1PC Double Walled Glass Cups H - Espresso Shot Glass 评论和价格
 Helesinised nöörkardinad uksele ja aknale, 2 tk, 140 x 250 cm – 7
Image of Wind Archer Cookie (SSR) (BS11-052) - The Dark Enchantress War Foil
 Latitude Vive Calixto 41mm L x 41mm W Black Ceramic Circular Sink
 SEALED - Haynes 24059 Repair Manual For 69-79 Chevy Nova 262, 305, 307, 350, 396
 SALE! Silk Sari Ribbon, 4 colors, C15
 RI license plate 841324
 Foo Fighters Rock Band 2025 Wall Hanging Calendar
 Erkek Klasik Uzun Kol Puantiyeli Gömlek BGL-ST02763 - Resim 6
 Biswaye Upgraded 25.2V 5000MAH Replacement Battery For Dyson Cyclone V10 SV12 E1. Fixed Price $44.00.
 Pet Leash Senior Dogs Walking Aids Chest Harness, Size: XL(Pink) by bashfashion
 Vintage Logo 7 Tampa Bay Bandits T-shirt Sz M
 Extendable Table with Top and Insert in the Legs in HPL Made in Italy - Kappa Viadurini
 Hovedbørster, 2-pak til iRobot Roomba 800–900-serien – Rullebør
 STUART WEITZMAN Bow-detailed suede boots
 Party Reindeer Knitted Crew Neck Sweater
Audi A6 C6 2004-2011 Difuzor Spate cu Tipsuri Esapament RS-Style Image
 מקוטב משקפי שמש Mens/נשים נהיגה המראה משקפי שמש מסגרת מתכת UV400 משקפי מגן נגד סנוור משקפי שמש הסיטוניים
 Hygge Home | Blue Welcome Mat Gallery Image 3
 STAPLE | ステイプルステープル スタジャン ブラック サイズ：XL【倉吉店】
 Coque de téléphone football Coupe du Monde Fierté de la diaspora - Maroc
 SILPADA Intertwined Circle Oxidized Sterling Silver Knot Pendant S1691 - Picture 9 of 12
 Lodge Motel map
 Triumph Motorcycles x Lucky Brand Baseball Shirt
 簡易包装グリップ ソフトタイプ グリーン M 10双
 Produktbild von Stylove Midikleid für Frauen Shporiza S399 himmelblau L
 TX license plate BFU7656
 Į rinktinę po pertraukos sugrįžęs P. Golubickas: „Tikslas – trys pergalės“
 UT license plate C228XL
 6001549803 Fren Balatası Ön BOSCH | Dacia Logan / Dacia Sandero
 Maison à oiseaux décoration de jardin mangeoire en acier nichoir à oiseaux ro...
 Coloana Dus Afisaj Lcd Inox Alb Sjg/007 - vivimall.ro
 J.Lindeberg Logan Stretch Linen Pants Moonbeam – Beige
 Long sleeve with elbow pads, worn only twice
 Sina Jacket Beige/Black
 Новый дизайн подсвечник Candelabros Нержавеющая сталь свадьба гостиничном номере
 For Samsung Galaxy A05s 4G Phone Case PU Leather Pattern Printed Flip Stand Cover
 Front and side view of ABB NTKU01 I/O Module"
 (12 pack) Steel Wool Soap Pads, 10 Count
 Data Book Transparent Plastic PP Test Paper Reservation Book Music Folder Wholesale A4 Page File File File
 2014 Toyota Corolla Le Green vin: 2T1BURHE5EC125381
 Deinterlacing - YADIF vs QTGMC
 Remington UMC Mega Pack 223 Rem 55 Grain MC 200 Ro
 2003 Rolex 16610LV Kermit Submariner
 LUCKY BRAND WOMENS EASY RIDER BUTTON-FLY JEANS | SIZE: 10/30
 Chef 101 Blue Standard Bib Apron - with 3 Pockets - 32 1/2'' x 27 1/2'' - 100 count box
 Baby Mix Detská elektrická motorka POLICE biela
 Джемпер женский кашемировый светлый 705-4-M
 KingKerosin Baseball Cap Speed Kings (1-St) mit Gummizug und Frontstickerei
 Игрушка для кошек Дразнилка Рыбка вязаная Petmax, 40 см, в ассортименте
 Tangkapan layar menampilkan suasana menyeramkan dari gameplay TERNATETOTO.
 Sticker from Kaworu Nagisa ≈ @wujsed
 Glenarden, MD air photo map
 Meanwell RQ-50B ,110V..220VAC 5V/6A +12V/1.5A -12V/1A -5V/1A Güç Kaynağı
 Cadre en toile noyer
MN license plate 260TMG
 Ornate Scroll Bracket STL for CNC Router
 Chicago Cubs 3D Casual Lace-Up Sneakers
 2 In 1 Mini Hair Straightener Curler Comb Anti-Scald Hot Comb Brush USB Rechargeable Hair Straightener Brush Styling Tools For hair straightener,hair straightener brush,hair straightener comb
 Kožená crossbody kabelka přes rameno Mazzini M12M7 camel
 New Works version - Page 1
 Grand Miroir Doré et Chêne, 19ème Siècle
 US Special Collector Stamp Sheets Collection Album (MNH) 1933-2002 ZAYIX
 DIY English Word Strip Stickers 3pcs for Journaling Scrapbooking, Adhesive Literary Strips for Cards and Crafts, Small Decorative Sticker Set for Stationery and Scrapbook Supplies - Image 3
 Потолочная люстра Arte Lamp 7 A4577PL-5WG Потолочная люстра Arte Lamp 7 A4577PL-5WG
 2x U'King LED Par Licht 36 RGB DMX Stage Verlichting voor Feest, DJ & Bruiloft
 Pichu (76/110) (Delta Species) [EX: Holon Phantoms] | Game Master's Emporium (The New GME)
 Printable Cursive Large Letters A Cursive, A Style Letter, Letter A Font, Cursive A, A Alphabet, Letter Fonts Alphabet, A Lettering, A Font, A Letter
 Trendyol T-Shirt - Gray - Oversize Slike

▸ TASK DIRECTIONS: Every line of the listing that includes the word "with" forms the answer.

▸ RESULT:
 Extendable Table with Top and Insert in the Legs in HPL Made in Italy - Kappa Viadurini
 Long sleeve with elbow pads, worn only twice
 Chef 101 Blue Standard Bib Apron - with 3 Pockets - 32 1/2'' x 27 1/2'' - 100 count box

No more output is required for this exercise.